I have taken several classes with Pamela. The first one I took was in Richmond, Virginia at Quilting Adventures. I actually took two different classes in one weekend. The first was a self portrait class and the second was on composition. I started one piece in each class.
Pamela also came to California in 2008 to teach at EBHQ. I took her class there as well. I don’t think I ever wrote a blog post about that one, but Julie wrote one, which is probably what I would have written anyway. 😉
The quiltlet, House and Garden, that I did at EBHQ has been worked on more since the class and I am almost finished with it. Maureen sent me a link to facing directions from Jeri Riggs site and I plan to use them to make a faced edging as soon as I finish the beading.
I brought all three of these pieces to the workshop with the intention of working on them and not starting anything new.
The first exercise was a monochromatic exercise. I didn’t do it. Don’t worry! I warned Pamela that I was planning to bring projects from previous classes. I did enjoy the pieces that others in the class made.
I worked and made progress on the Garden. I am actually ready to handstitch on it, though I do still have a bit of piecing to add. I am really pleased with the work I did on the Garden. I think it looks very different from what it was when I started. I also think it looks a lot better.
I am really pleased with the petals that I added. I wanted to create a little more interest in the space where the blue petals are now.
In the bottom part of the piece, the flowers were all middle ground. Pamela helped me create a foreground by putting some darker blue behind the red flower with the petals. I also created a little bit of a different foreground with the flower in the bottom right hand corner. I was thinking of it as kind of a coneflower, but some people said that it also looked like the petals had dropped off. I have a little work to do on the bottom. During the critique, Pamela and the other students suggested that I extend some of the stems to the bottom of the piece and make the bottom of the piece longer as well. They also like the brown border. That brown is currently the back, but I will cut it off and add it to the new front, but only on a couple of sides.
I didn’t succeed in doing my own thing. Pamela is such an engaging teacher that it just wasn’t possible for me to ignore her completely. She did help me with the projects I was trying to work on, though.
After a quick litle quiltlet exercise (15 min), she gave us a piece of fabric and we had to make something with it. My piece was brown. No other colors. None of my colors. Bleah!
The exercise was about accentuating or extending existing lines in the fabric she gave us. I liked the idea of the exercise.
This is the piece that came out of it. The colors aren’t me, and you can see that I injected quite a lot of blue into the surface.
Today, we worked on critiques and one piece using stripes and prints to create movement.

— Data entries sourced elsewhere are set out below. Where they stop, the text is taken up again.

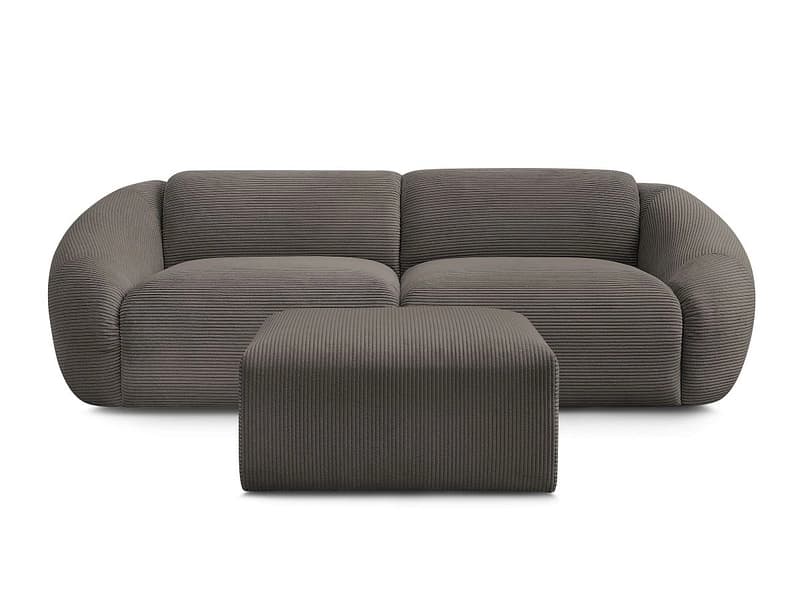 3er Sofa mit Hocker BOBOCHIC TINA Cord-Stoff taupe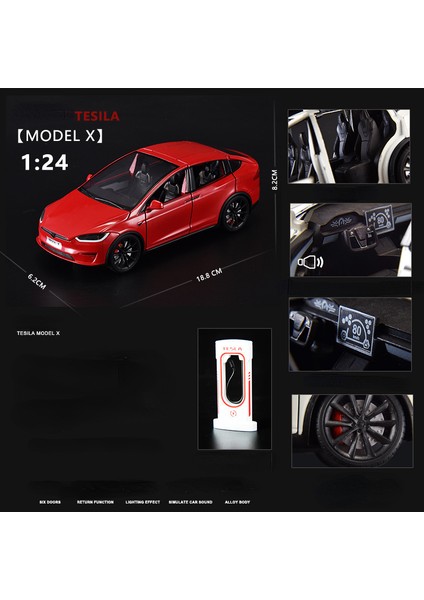1:24 Tesla Model x Simülasyon Alaşım Araba Modeli Araç Ses ve Işık Geri Çekin Oyuncak Araba Çocuk Koleksiyonu Dekorasyon Hediye C292 (Yurt Dışından)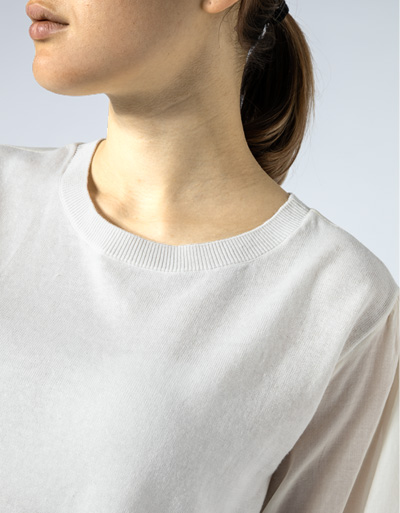 TWIN-SET Bluse mit Strickeinsatz Hotsell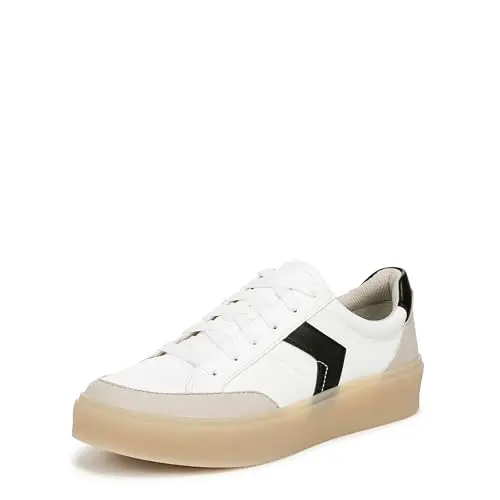 Dr. Scholl's Madison white lace-up sneaker on a wooden floor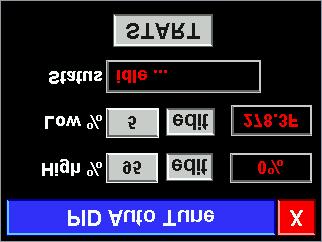 This is the PID auto tune window, showing the high and low output percentages, output percent, current temperature, and the status of the auto tune process.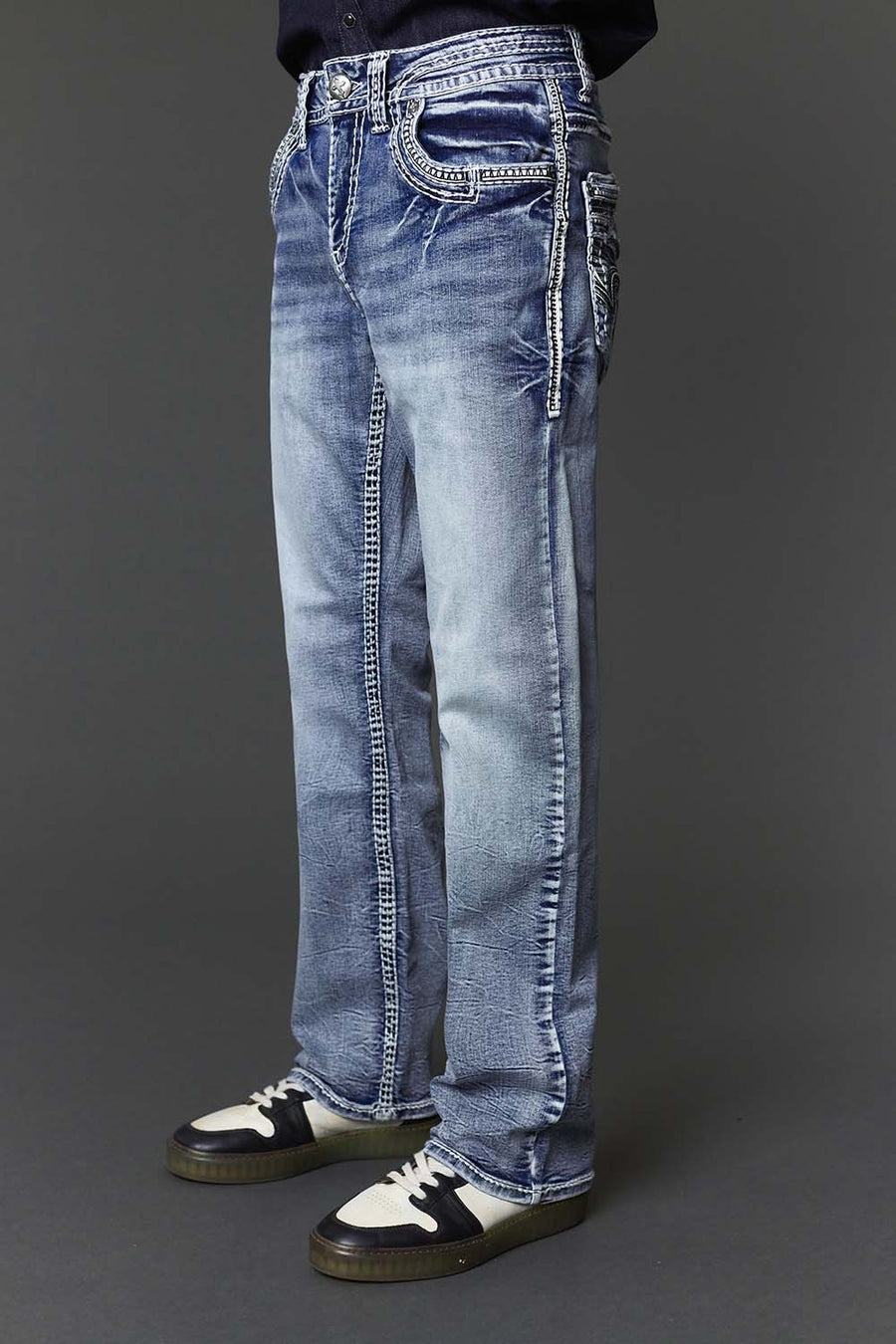 Men's Embroidered Straight Jeans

This piece brought the AHA moment for me. The AHA moment was a point where I finally got all that I have been learning from Pamela. I finally understood about the background and how to put stripes and prints on the piece in different ways in order to achieve movement and the illusion of something. I am really pleased with this piece and think it is very strong.
I can see how some of what I learned today will help me with the Tarts. I am going to use some of the techniques and thoughts to get that piece finished.